*** Opening of Provided records ***

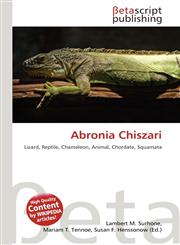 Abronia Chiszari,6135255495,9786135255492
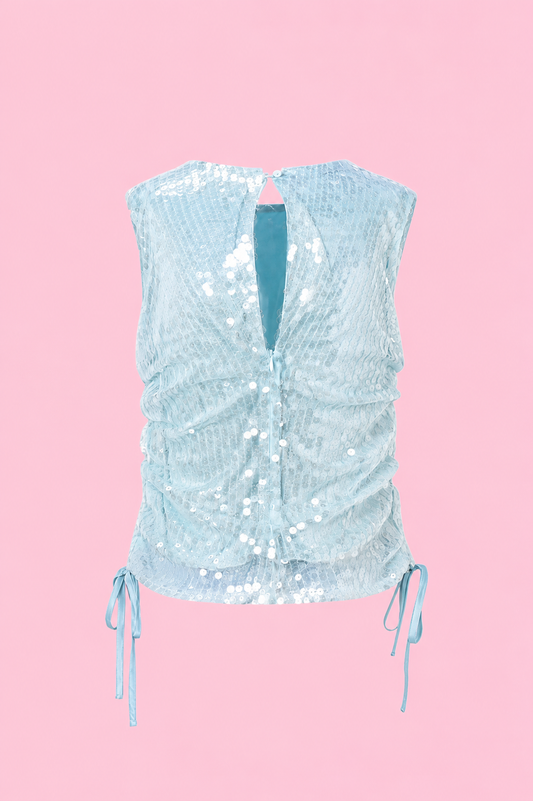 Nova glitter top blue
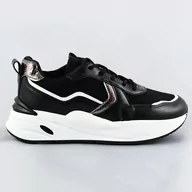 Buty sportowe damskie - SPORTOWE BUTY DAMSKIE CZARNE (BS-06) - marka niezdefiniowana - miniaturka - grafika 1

*** Close of Provided records ***
*** Opening of Provided records ***

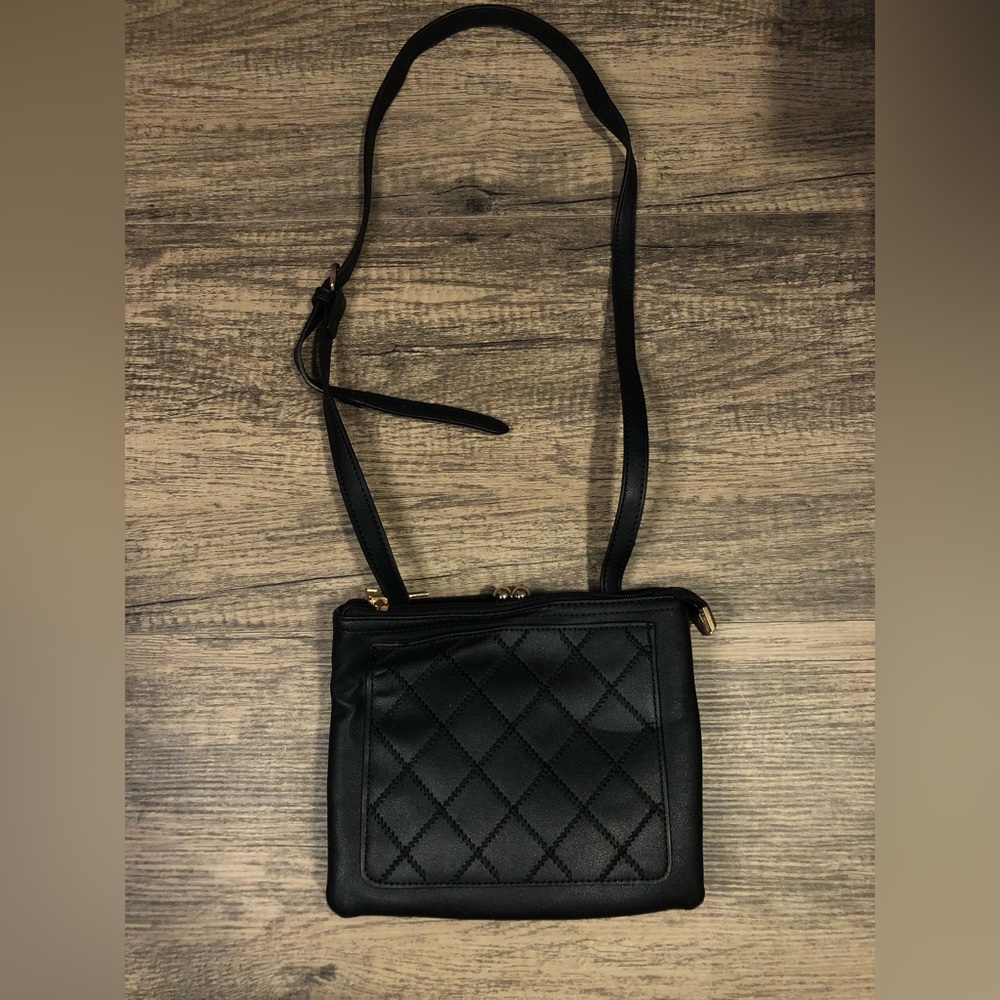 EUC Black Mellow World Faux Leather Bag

*** Close of Provided records ***

→ **Your assignment**
Range to copy from the listing above: the line containing "Nova glitter top blue" down to the line containing "Buty sportowe damskie", both included. Reproduce it exactly, minus the pictures, and add nothing.

→ **Exercise solution**
 Nova glitter top blue
 Buty sportowe damskie - SPORTOWE BUTY DAMSKIE CZARNE (BS-06) - marka niezdefiniowana - miniaturka - grafika 1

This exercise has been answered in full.